Nature Machine Intelligence ( IF 23.8 ) Pub Date : 2020-08-03 , DOI: 10.1038/s42256-020-0211-4 Fei Tan , Tian Tian , Xiurui Hou , Xiang Yu , Lei Gu , Fernanda Mafra , Brian D. Gregory , Zhi Wei , Hakon Hakonarson
Research on DNA methylation on N6-adenine (6mA) in eukaryotes has received much recent attention. Recent studies have generated a large amount of 6mA genomic data, yet the role of DNA 6mA in eukaryotes remains elusive, or even controversial. We argue that the sparsity of DNA 6mA in eukaryotes, the limitations of current biotechnologies for 6mA detection and the sophistication of the 6mA regulatory mechanism together pose great challenges for elucidation of DNA 6mA. To exploit existing 6mA genomic data and address this challenge, here we develop a deep-learning-based algorithm for predicting potential DNA 6mA sites de novo from sequence at single-nucleotide resolution, with application to three representative model organisms, Arabidopsis thaliana, Drosophila melanogaster and Escherichia coli. Extensive experiments demonstrate the accuracy of our algorithm and its superior performance compared with conventional k-mer-based approaches. Furthermore, our saliency maps-based context analysis protocol reveals interesting cis-regulatory patterns around the 6mA sites that are missed by conventional motif analysis. Our proposed analytical tools and findings will help to elucidate the regulatory mechanisms of 6mA and benefit the in-depth exploration of their functional effects.
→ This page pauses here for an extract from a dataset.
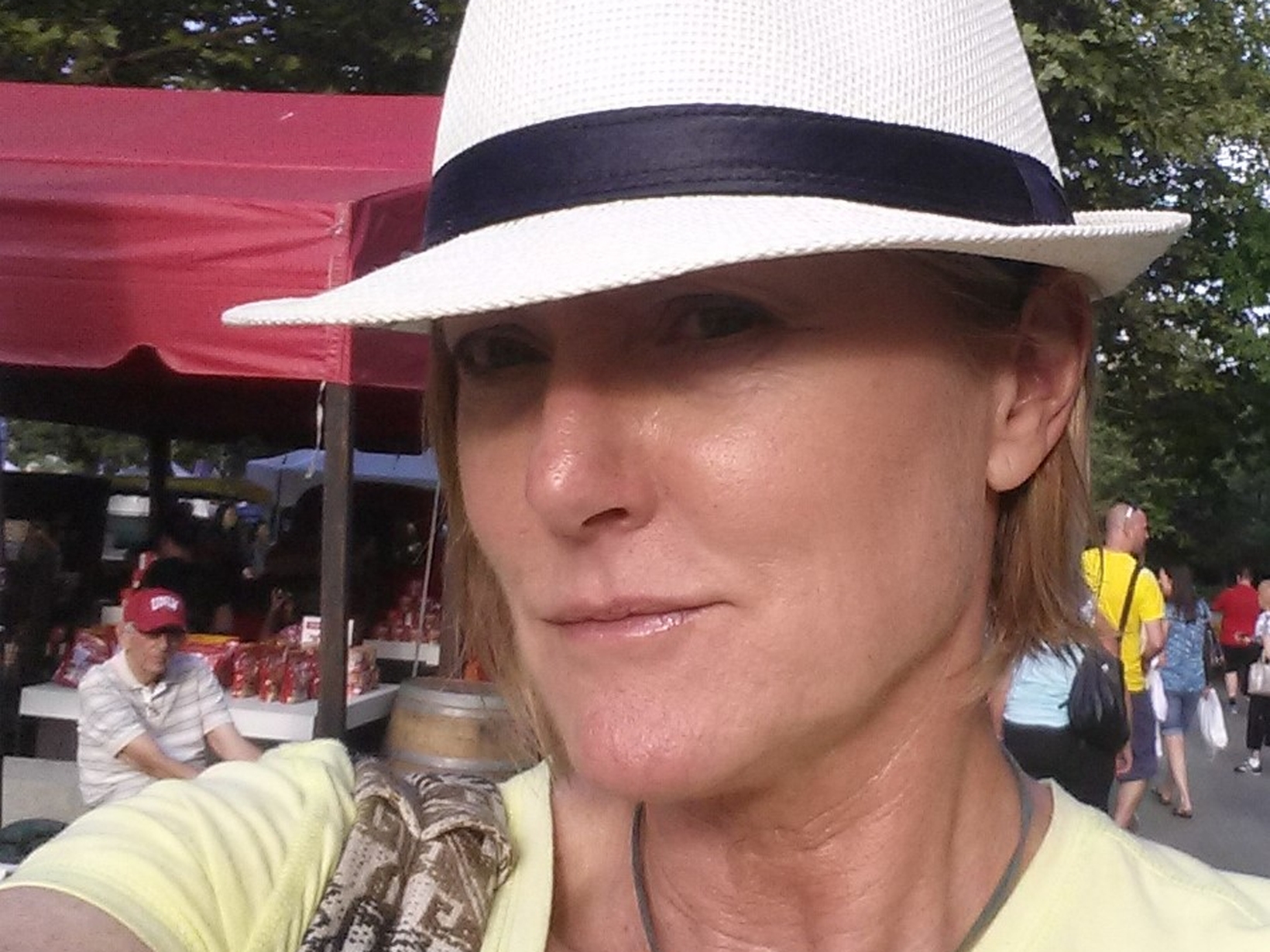 Shannon from Courtenay, British Columbia, Canada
Finally, we offer a complete catalogue of potential 6mA sites based on in silico whole-genome prediction.
中文翻译:
通过深度学习阐明N 6-腺嘌呤上的DNA甲基化
真核生物中N 6-腺嘌呤(6mA)的DNA甲基化研究受到了广泛关注。最近的研究产生了大量的6mA基因组数据,但DNA 6mA在真核生物中的作用仍然难以捉摸,甚至有争议。我们认为,真核生物中DNA 6mA的稀疏性,当前6mA检测生物技术的局限性以及6mA调控机制的复杂性,对DNA 6mA的阐明提出了巨大的挑战。为了利用现有的6mA基因组数据并应对这一挑战,我们在此开发了一种基于深度学习的算法,可从单核苷酸分辨率的序列中预测从头开始的潜在DNA 6mA位点,并将其应用于三种代表性的模式生物拟南芥(Arabidopsis thaliana)果蝇和大肠杆菌。与传统的基于k -mer的方法相比,大量实验证明了我们算法的准确性及其优越的性能。此外,我们基于显着性图的情境分析协议揭示了6mA位点周围有趣的顺式调控模式,而传统的基序分析则错过了这种模式。我们提出的分析工具和发现将有助于阐明6mA的调节机制,并有助于深入探索其功能效果。最后,我们根据计算机模拟全基因组预测提供了完整的6mA潜在位点目录。